__Instructions for the task__
Your answer must be the full listing, reproduced exactly, minus any pictures.

__Data__
::::

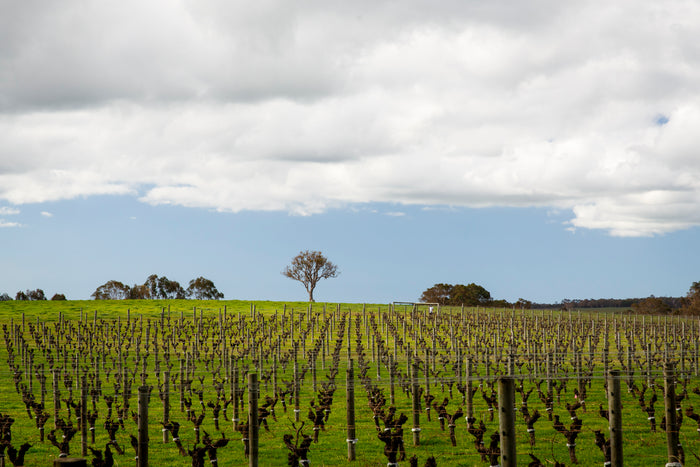 Premium Organic Cabernet Sauvignon in Margaret River - Gralyn Estate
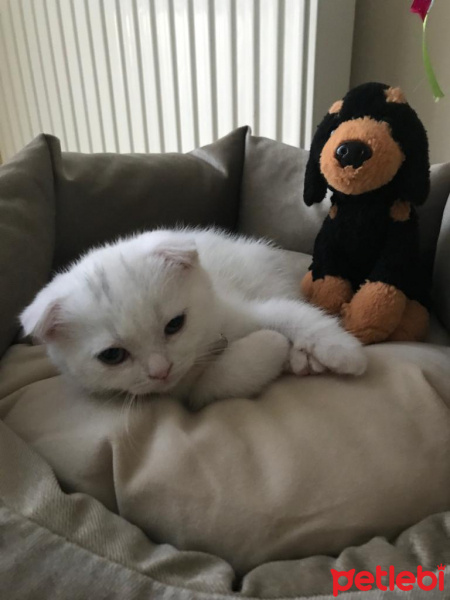 Scottish Fold, Kedi  Fıstık fotoğrafı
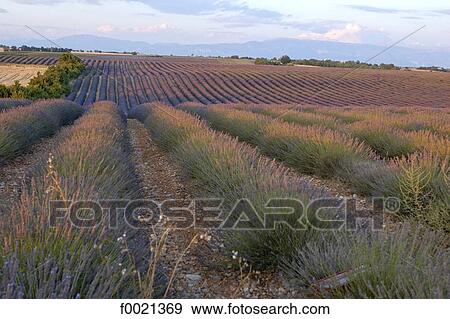 France, Provence, Valensole Plateau, lavender field View Large Photo Image Stock Photo - France, Provence, Valensole Plateau, lavender field. Fotosearch
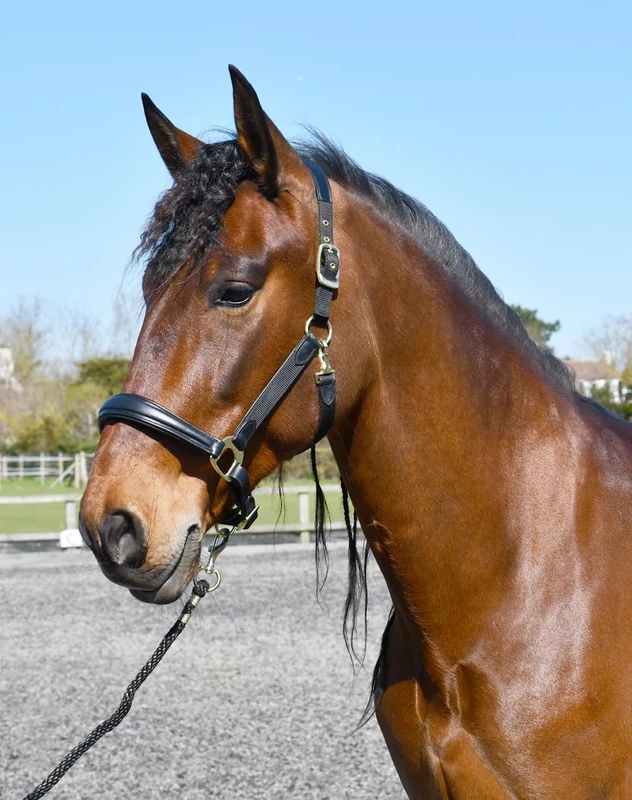 Rhinegold Softee Leather Padded Headcollar-XFull Black/Black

::::

__Response for this exercise__
 Premium Organic Cabernet Sauvignon in Margaret River - Gralyn Estate
 Scottish Fold, Kedi  Fıstık fotoğrafı
 France, Provence, Valensole Plateau, lavender field View Large Photo Image Stock Photo - France, Provence, Valensole Plateau, lavender field. Fotosearch
 Rhinegold Softee Leather Padded Headcollar-XFull Black/Black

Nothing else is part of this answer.